Drought: Secure Today, but Prepare for Tomorrow

Drought: Secure Today, but Prepare for Tomorrow

Drought: secure today, but prepare for tomorrow

Opinion Editorial on ABC Online

Published: 26 October 2007


David Crombie


National Farmers’ Federation

AS WE have seen over the past year, drought can take an emotional, as well as financial toll on farmers, placing individuals, families and local communities under extraordinary stress.

Helping people cope under such pressure is essential but the challenges of a changing climate demand a visionary new approach in the way Australia deals with drought.

The response to the current crisis has been magnificent.

Australians have united in a measured and timely way to deal with the priority of supporting farm families through the worst drought on record.

Following the failure of another winter crop, the Prime Minister moved to tackle the crisis ‘head on’ with a $1.14 billion package, which sensibly protects Australia’s vital agricultural base. Labor also supported the package.

The flexibility introduced to the Exceptional Circumstances (EC) drought ‘safety net’ – which puts food on the table and provides short-term help in paying some of the bills – will now benefit more families.

And the plans for the Murray-Darling Basin should assist irrigators – who face zero water allocations over spring – to help secure their productive capacity in a region that accounts for 40 per cent of Australia’s food output.

Of course, the suffering goes beyond the farm-gate as the knock-on effects of drought stretch regional businesses, contractors, and entire communities.

A drought of this depth and length will have long-term structural implications for the whole farm sector. Targeted measures for those unable to continue in farming, who wish to move on, will get professional help to do so.

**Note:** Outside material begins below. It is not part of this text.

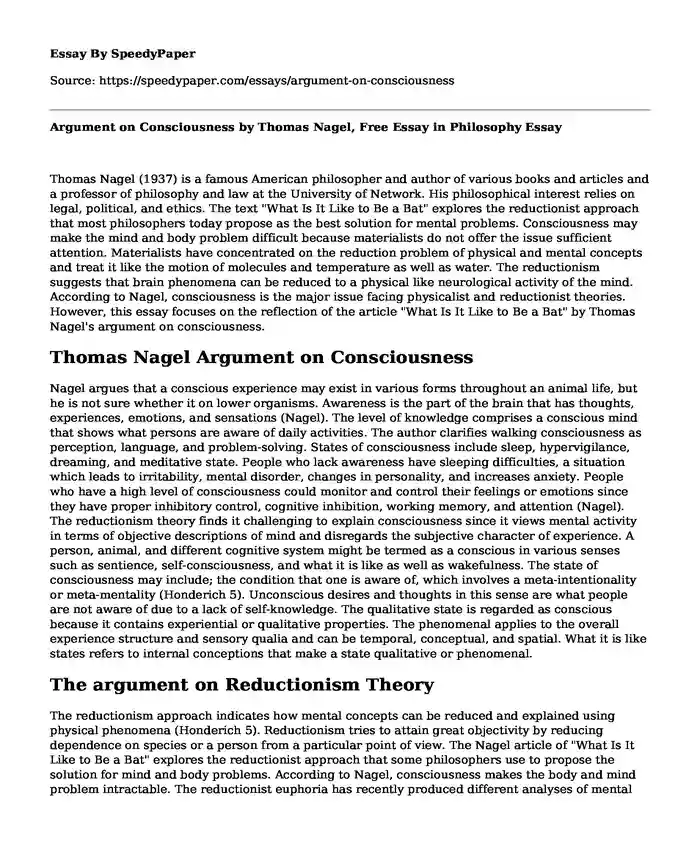 📌 Argument on Consciousness by Thomas Nagel, Free Essay in Philosophy ...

That is prudent.

Clearly, we must deal with the ‘here-and-now’. But, ultimately, all Australians – including farmers – recognise that relief, although important, is a stop-gap measure.

Much hinges on our farmers’ ability to prepare for and meet the challenges of any longer-term shift in climate. We need to research the probability and extent of change and what form it may take – there may be areas of higher and areas of lower rainfall with more or fewer extreme events. All of these present challenges and opportunities.

As a nation, we have come to a point where we must think strategically about how we plan for, and deal with drought. That the current drought has already slashed three-quarters of a per cent off Australia’s national economic growth, in addition to the impact on regional communities, underscores the urgency of the situation.

Our farming base supports 1.6 million Australian jobs – more than half of these in the cities, covering retail, wholesale, transport, processing, packaging and more. It also accounts for 20 per cent of our national exports ($30 billion a year) and over half the daily food needs of the Australian population.

That’s why, beyond the ‘here-and-now’, both sides of politics must show leadership and commit to a long-term willingness to work with farmers in safeguarding productive farm lands and the agricultural economy.

Australia needs a ‘mutual obligation’ system to partner with farmers in investing in drought preparation, planning and recovery. That is, for every dollar the Government invests in drought preparedness, participating farmers must match it, either dollar-for-dollar or in-kind.

To be effective, climate management strategies must be available to all farmers who pass eligibility criteria.

They must also have a drought management plan, or a business plan that incorporates drought management strategies, to counter a changing climate and they must have already implemented some form of drought mitigation activity, such as conservation till practices and water-saving drip irrigation systems.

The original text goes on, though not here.